Why do so many publishers resent their vendors?
Everyone wants to point a finger and blame someone when things go wrong. Publishers complain about vendors so much because it’s easy.
What do you mean by that?
It’s rare to find a publisher who looks internally to figure out why their ad tech is breaking. Most people would rather send an angry email first.
Why is that a problem?
You won’t get the most out of your vendors if you treat them this way. The account managers at these vendors just get spears thrown at them all day. But if you treat them more like a client, they’ll do a lot more to help you when things go wrong. When you treat them [badly], they’ll just send you links to customer service hotlines in different time zones whenever you make a request.
Other publishers reading this might say you are shilling for the vendors.
Listen, I’ve worked in this industry since the first ads went online in the 1990s. And I’ve worked for multiple publishers and vendors, so I’ve seen both sides of this and I get the frustration with ad tech taxes and the murky ad supply chain. I am guilty of seeing the glass as half full, but the fact is, a lot of publishers expect their problems to go away if they just blast out a few emails.
How should publishers approach vendors?
It might sound dated and old school, but publishers overlook how developing a working relationship with someone goes a long way. Just the simple act of calling the reps of your supply-side platforms for five minutes to ask them what their quarterly goals are will benefit you when you have an integration not work.
We’re a small site that’s not in the comScore 200, so we’re not sending as much money to our vendors as bigger publishers do, but I’ve gotten vendor reps to include us in tests for products that are generally reserved for larger sites. And who doesn’t want to be included in tests for things like Google’s exchange bidding or Facebook’s mid-rolls?
Some of these vendors also sit on committees for industry groups like the Interactive Advertising Bureau or the Coalition for Better Ads. By developing a relationship with vendors, you can know what’s going on with these trade groups ahead of their public announcements, which makes it easier to adjust for what’s coming.
Are publishers’ complaints about vendors more legitimate if they’re pointed toward Google, since Google has so much control over them?
Sort of. The ad blocker for its Chrome browser is concerning, and I get why people worry about their search results. But that doesn’t mean I should grouse about all of Google’s ad tech products. Everyone beats up on the big guys, but they still work with them. It’s like how people complain about Walmart, but they still choose to shop there.
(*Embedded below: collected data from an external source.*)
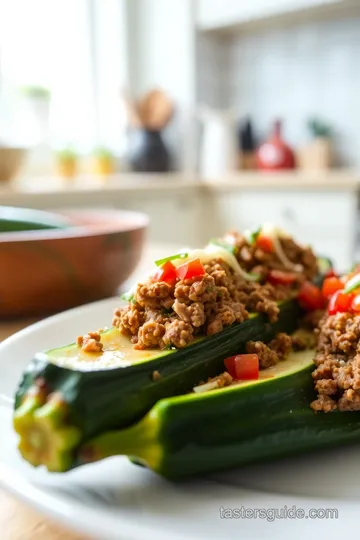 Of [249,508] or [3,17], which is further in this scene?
[3,17]

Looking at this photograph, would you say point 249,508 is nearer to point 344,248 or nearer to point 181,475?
point 181,475

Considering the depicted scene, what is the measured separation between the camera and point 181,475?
566mm

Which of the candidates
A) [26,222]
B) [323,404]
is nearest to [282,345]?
[323,404]

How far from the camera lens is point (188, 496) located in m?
0.55

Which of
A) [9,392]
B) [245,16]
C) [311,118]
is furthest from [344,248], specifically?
[9,392]

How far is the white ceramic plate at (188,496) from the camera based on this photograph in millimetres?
476

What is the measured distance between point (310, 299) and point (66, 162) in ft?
8.69

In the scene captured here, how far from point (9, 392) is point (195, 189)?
2.86m

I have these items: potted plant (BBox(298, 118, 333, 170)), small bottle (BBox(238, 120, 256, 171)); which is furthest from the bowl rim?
small bottle (BBox(238, 120, 256, 171))

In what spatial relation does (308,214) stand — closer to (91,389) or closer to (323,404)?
(323,404)

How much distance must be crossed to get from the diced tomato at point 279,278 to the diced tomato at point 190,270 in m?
0.28

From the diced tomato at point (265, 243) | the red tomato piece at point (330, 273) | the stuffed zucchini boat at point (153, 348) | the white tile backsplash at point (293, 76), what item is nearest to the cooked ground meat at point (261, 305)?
the stuffed zucchini boat at point (153, 348)

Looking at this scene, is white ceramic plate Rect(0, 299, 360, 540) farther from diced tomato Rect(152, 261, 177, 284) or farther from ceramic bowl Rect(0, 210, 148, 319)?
ceramic bowl Rect(0, 210, 148, 319)

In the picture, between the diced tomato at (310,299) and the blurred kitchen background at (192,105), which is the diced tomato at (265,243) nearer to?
the diced tomato at (310,299) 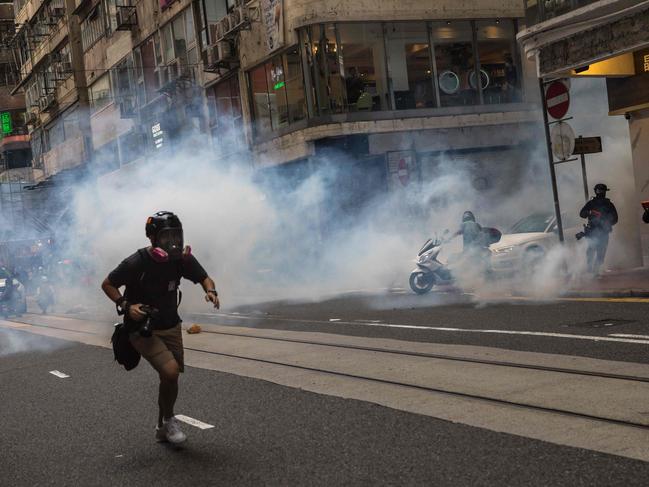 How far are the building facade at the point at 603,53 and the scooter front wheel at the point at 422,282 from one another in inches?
160

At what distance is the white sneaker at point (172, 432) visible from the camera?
6.89m

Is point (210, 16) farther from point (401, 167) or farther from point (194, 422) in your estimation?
point (194, 422)

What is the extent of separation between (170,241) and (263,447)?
64.6 inches

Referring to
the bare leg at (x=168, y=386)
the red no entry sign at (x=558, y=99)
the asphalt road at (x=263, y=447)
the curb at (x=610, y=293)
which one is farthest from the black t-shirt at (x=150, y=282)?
the red no entry sign at (x=558, y=99)

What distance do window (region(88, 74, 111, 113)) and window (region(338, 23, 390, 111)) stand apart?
20.8m

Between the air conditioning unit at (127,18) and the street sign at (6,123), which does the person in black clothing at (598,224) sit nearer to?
the air conditioning unit at (127,18)

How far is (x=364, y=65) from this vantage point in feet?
90.1

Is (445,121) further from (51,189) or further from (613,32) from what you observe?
(51,189)

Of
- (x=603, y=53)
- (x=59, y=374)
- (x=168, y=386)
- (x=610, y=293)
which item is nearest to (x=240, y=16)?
(x=603, y=53)

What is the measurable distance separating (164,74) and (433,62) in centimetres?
1377

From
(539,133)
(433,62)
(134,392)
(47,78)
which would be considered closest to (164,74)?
(433,62)

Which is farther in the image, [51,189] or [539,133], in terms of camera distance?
[51,189]

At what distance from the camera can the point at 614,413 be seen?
6.38m

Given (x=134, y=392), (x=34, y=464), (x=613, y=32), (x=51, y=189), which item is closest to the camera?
(x=34, y=464) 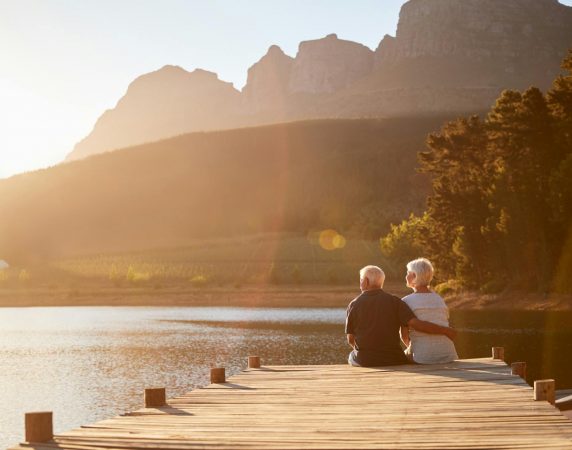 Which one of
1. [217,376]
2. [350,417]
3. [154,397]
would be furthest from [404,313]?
[154,397]

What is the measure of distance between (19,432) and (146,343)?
25.1 metres

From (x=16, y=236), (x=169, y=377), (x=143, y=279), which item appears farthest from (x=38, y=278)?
(x=169, y=377)

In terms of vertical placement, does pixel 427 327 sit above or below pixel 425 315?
below

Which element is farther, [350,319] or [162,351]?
[162,351]

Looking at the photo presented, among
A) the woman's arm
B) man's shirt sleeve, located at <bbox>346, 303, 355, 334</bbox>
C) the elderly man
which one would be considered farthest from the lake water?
the woman's arm

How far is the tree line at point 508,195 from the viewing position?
58.1 m

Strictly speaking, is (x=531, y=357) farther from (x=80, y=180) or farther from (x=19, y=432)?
(x=80, y=180)

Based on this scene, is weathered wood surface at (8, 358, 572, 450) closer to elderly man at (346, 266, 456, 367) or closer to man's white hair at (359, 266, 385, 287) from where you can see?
elderly man at (346, 266, 456, 367)

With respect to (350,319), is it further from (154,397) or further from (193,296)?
(193,296)

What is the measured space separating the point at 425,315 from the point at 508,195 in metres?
50.9

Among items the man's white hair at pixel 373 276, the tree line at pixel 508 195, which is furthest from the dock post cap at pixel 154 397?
the tree line at pixel 508 195

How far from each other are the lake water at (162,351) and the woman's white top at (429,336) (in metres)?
9.15

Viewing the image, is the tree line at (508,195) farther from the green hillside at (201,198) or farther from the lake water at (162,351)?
the green hillside at (201,198)

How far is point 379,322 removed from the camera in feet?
43.4
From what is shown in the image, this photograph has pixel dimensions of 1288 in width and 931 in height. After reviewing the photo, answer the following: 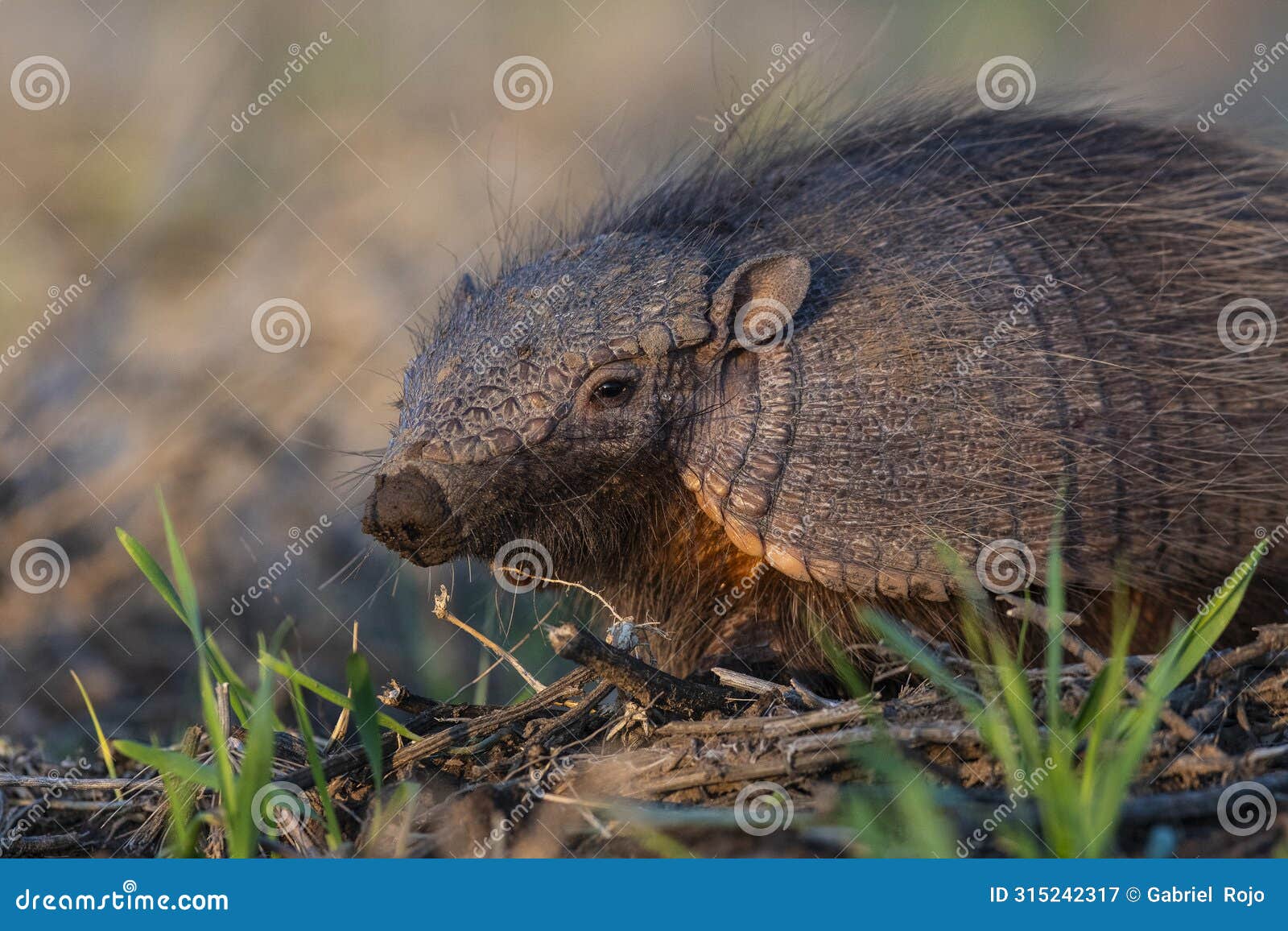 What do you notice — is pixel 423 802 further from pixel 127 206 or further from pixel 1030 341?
pixel 127 206

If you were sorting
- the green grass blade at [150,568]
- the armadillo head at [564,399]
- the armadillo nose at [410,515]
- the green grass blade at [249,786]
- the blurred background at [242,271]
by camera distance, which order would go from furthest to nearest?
the blurred background at [242,271] < the armadillo head at [564,399] < the armadillo nose at [410,515] < the green grass blade at [150,568] < the green grass blade at [249,786]

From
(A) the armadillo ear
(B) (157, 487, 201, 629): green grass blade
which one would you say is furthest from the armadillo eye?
(B) (157, 487, 201, 629): green grass blade

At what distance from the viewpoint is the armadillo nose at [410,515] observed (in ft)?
13.0

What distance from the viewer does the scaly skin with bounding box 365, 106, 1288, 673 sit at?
4.06m

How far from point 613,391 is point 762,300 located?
584mm

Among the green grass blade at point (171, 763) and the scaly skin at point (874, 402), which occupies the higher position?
the scaly skin at point (874, 402)

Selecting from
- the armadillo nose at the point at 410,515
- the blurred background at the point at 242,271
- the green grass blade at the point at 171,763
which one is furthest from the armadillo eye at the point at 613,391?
the blurred background at the point at 242,271

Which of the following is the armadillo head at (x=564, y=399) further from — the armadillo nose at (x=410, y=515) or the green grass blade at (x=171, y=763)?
the green grass blade at (x=171, y=763)

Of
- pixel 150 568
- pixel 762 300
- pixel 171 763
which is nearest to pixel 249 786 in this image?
pixel 171 763

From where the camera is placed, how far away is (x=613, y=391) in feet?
13.7

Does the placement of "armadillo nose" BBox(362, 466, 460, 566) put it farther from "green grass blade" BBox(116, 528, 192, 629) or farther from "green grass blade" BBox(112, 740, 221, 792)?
"green grass blade" BBox(112, 740, 221, 792)

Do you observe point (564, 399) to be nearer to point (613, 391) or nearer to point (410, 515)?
point (613, 391)

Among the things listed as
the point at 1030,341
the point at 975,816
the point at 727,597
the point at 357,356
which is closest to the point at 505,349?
the point at 727,597

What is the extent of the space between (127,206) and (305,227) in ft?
3.65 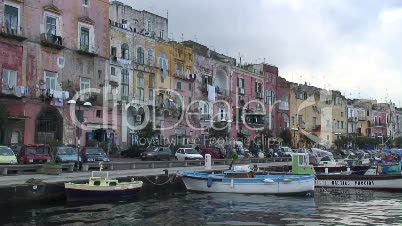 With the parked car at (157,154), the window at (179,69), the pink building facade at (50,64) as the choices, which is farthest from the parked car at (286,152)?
the pink building facade at (50,64)

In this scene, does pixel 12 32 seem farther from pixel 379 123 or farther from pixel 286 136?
Result: pixel 379 123

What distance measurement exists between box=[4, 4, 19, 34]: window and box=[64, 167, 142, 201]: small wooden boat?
Result: 21650 millimetres

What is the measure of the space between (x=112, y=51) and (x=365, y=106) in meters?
70.6

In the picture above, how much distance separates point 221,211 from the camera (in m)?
23.6

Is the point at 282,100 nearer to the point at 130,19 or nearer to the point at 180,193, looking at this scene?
the point at 130,19

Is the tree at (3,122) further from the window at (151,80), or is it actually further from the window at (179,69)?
the window at (179,69)

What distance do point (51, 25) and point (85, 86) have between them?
652cm

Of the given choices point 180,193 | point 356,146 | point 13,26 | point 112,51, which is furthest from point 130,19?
point 356,146

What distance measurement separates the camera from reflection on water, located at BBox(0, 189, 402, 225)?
801 inches

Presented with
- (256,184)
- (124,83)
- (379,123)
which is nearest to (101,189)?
(256,184)

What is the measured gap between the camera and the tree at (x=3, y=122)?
38588 millimetres

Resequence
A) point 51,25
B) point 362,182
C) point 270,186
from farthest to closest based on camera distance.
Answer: point 51,25, point 362,182, point 270,186

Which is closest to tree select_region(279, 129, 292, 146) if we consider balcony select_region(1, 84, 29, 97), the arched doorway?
the arched doorway

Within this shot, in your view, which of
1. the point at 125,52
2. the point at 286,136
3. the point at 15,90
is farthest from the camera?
the point at 286,136
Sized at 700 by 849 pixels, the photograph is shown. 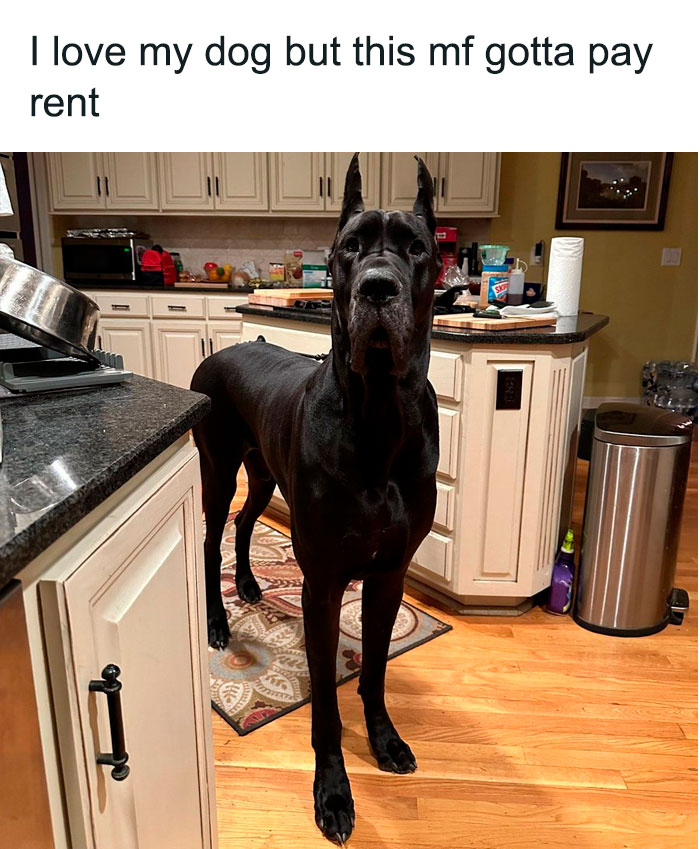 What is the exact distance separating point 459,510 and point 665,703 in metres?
0.78

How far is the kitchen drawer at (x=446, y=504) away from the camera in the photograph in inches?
86.7

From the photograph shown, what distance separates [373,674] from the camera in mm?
1637

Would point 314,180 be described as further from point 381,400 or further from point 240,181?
point 381,400

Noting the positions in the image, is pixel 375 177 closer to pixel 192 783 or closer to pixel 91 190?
pixel 91 190

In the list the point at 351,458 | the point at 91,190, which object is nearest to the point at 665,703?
the point at 351,458

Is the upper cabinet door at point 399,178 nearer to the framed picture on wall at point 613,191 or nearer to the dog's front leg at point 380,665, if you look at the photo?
the framed picture on wall at point 613,191

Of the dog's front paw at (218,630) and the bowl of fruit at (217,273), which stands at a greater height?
the bowl of fruit at (217,273)

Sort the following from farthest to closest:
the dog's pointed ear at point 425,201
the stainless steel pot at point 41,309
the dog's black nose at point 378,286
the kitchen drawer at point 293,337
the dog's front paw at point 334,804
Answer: the kitchen drawer at point 293,337 → the dog's front paw at point 334,804 → the dog's pointed ear at point 425,201 → the dog's black nose at point 378,286 → the stainless steel pot at point 41,309

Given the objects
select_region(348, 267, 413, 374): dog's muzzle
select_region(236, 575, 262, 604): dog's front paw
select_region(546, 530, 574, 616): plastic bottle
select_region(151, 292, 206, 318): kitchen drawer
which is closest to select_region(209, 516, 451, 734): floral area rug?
select_region(236, 575, 262, 604): dog's front paw

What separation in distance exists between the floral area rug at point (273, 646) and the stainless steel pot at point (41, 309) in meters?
1.17

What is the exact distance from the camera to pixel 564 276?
8.02ft

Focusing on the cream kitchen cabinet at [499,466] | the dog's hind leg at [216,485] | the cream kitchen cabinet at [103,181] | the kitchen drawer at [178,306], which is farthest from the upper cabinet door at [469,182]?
the dog's hind leg at [216,485]

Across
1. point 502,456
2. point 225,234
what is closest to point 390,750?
point 502,456

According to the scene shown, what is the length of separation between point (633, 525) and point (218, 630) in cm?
133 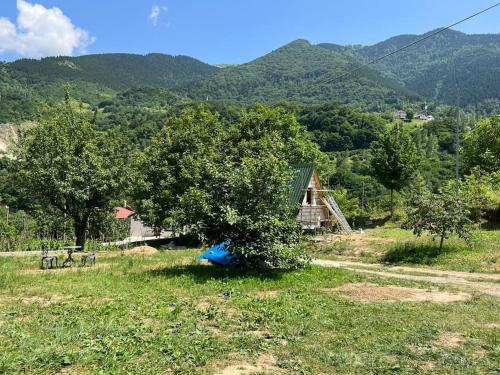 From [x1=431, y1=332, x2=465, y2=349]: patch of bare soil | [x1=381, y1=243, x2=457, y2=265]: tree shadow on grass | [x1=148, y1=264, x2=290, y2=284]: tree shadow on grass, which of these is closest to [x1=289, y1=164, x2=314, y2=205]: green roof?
[x1=381, y1=243, x2=457, y2=265]: tree shadow on grass

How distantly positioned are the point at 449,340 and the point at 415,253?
1448 cm

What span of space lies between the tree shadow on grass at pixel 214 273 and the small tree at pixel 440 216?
9170mm

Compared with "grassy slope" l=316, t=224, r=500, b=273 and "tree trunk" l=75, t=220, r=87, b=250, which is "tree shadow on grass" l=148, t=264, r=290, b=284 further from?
"tree trunk" l=75, t=220, r=87, b=250

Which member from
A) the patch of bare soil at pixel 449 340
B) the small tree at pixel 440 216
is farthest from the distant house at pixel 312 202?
the patch of bare soil at pixel 449 340

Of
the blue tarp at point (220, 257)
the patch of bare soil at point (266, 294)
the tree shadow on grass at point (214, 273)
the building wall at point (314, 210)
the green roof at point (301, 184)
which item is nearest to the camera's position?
the patch of bare soil at point (266, 294)

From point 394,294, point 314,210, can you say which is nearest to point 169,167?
point 314,210

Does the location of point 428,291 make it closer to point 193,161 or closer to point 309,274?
point 309,274

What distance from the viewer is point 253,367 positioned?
22.9 ft

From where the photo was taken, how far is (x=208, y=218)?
634 inches

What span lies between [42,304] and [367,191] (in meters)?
86.4

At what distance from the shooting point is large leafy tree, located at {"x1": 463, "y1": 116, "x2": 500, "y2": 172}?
48344 millimetres

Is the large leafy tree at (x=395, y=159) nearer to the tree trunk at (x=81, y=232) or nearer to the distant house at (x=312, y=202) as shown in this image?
the distant house at (x=312, y=202)

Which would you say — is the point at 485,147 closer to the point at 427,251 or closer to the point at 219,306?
the point at 427,251

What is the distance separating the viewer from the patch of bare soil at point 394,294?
41.4 feet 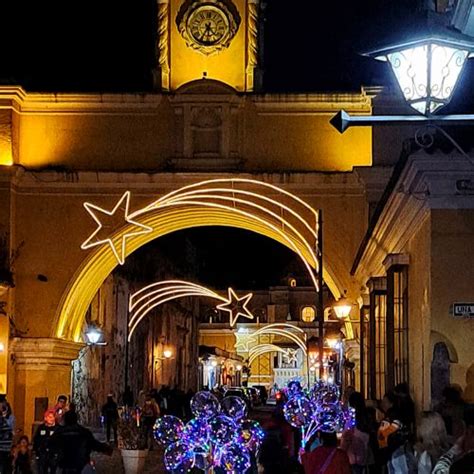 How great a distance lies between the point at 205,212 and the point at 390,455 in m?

You can use other ad servers and exchanges that aren’t Google, but most publishers choose not to. They’d rather just refer to Google as a necessary evil.
But isn’t it sometimes fun to complain about Google?
I guess it can be. Whenever I’m at an industry event with other publishers, making a fuss over Google functions as a form of social bonding similar to how people whine about cold weather at the barbershop. Having a common enemy can bring people together, and in ad tech, the common enemy is usually Google.
What irritates you most about the digital media industry?
We have a lot of people with high intelligence but low business maturity.